City Council restricts early trash pickups

Ordinances for water supply board also passed at Providence City Council meeting

Senior Staff Writer
Thursday, October 5, 2017

City Councilman David Salvatore, whose resolution to enforce restrictions on early morning waste collection passed, speaks after the meeting with another attendee. Thirteen other ordinances also passed.

At Thursday’s Providence City Council meeting, which lasted for less than 20 minutes, the city passed ordinances about the Providence Water Supply Board and a resolution calling for the enforcement of restrictions on early morning waste collection.

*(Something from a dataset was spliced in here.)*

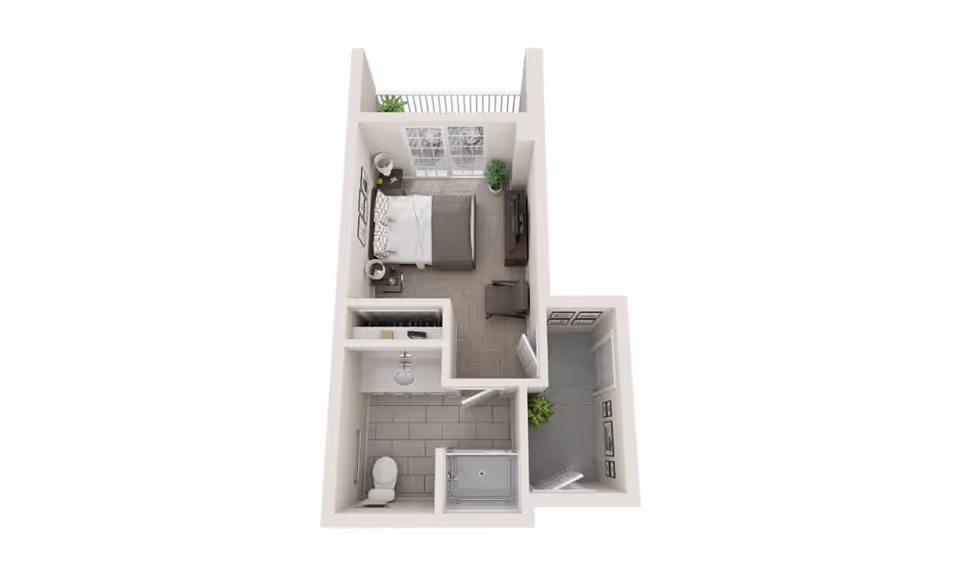 3D floor plan of a small apartment unit featuring a bedroom with a bed, nightstands, a chair, and a TV. Adjacent to the bedroom is a bathroom with a toilet, sink, and shower. There is also a small entryway area with plants and framed pictures on the walls.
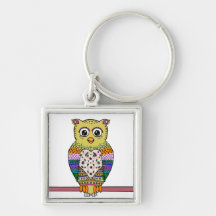 Cute Colourful Owl - white Key Chains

Councilman David Salvatore’s resolution calling to enforce restrictions on early morning waste collection passed. Salvatore said that trash pick-up is too early, and city council members received complaints from the constituents about this issue. “Waste management was in their neighborhoods sometimes at 4:30 in the morning and it is too early to hear the trucks,” said Salvatore.

Thirteen ordinances relating to the Providence Water Supply Board passed all at once. “The water rates are approved by the public utilities commission, so while it is independent from the city, there are still ordinances that the city council has to vet and approve because the city is the owner of the water supply,” Councilman David Salvatore told The Herald.

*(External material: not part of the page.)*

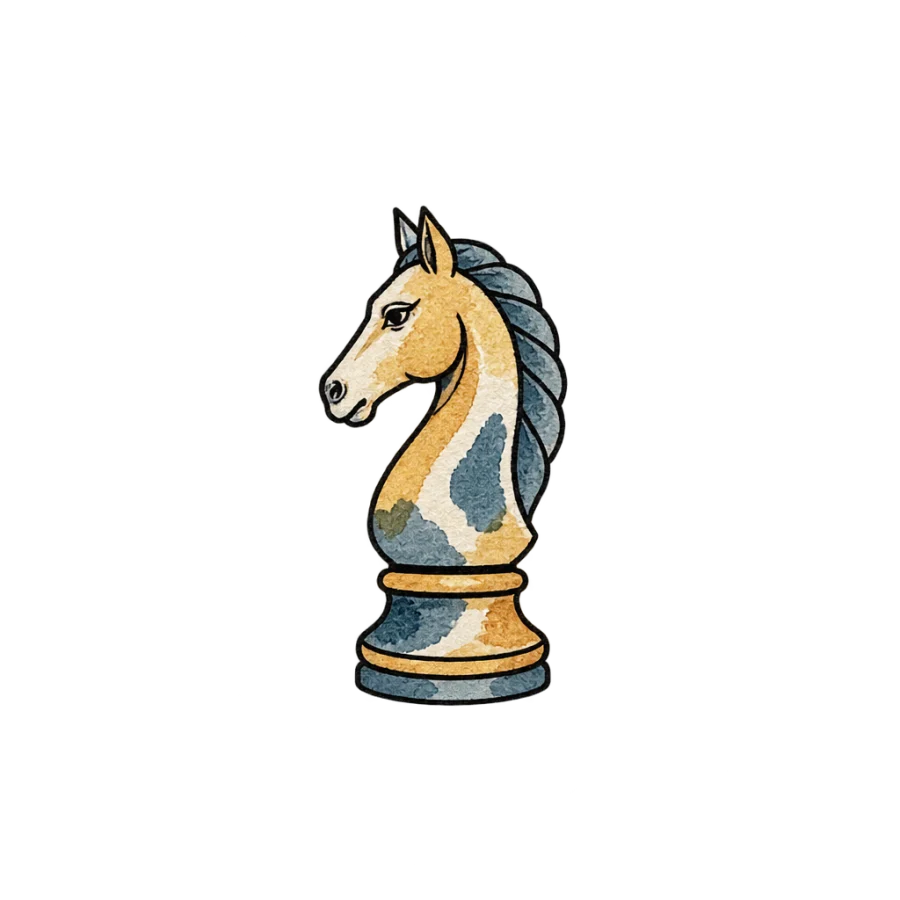 Watercolour finger tattoo of a small chess knight piece in profile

A resolution calling for the repair of the Public Safety Complex, which was introduced by Councilmen Luis Aponte and John J. Igliozzi passed.

There were also resolutions which were referred to different committees.

A resolution introduced by Councilwoman Carmen Castillo requesting the Traffic Engineer to install a taxi stand on Fulton Street between Dorrance Street and Eddy Street after 9 p.m. and before 8 a.m. was referred to the Department of the Public Works committee. Castillo called the council to support the taxi drivers who are financially affected by the prevalence of Uber and other car-sharing services.

A resolution designating the intersection of Smith Street and Chalkstone Avenue as “Guy Alba Square” was referred to the Urban Renewal and Redevelopment committee.